- ACTIVITY -
Although the records contain pictures, none belong in the copy: restate word for word only the lines from the one with "Tux II Stretch skibukser" through the one with "Moda Stefan Salvatore", both included.

- MATERIAL PROVIDED -
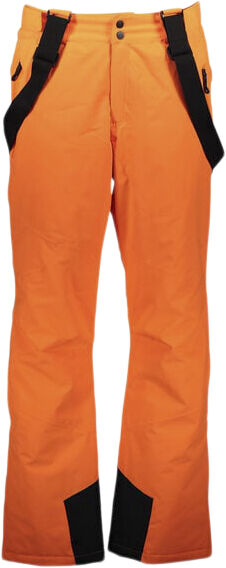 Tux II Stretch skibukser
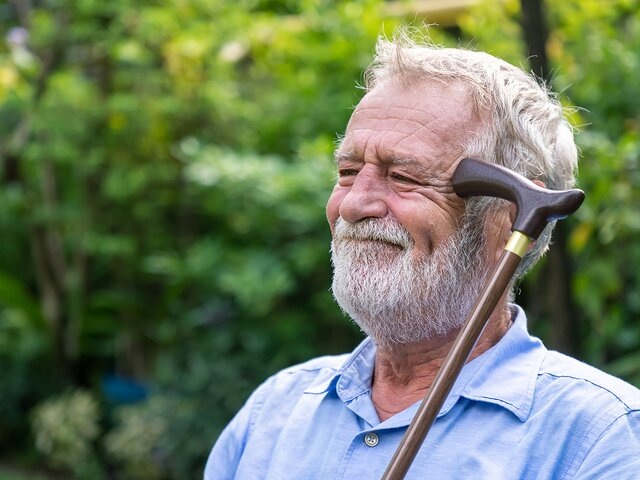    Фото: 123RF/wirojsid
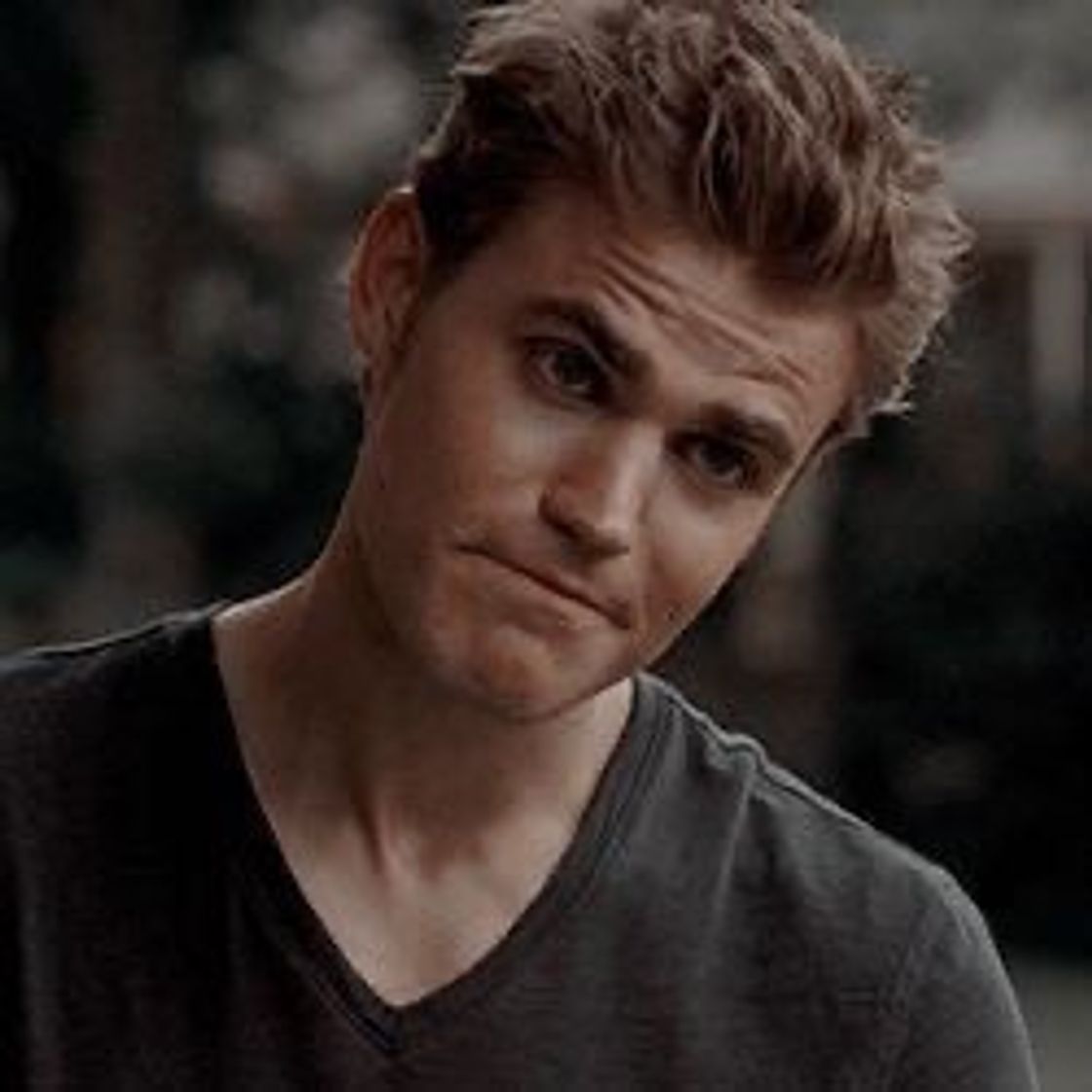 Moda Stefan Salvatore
---
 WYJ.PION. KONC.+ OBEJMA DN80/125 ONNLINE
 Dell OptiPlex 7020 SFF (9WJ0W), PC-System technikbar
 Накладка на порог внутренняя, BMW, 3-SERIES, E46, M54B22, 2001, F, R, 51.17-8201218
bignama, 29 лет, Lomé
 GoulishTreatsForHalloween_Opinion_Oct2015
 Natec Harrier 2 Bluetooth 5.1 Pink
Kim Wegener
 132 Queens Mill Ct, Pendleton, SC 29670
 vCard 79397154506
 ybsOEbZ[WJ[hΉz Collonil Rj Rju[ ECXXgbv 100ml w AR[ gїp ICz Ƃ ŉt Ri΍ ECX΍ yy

- RESULT BELOW -
 Tux II Stretch skibukser
    Фото: 123RF/wirojsid
 Moda Stefan Salvatore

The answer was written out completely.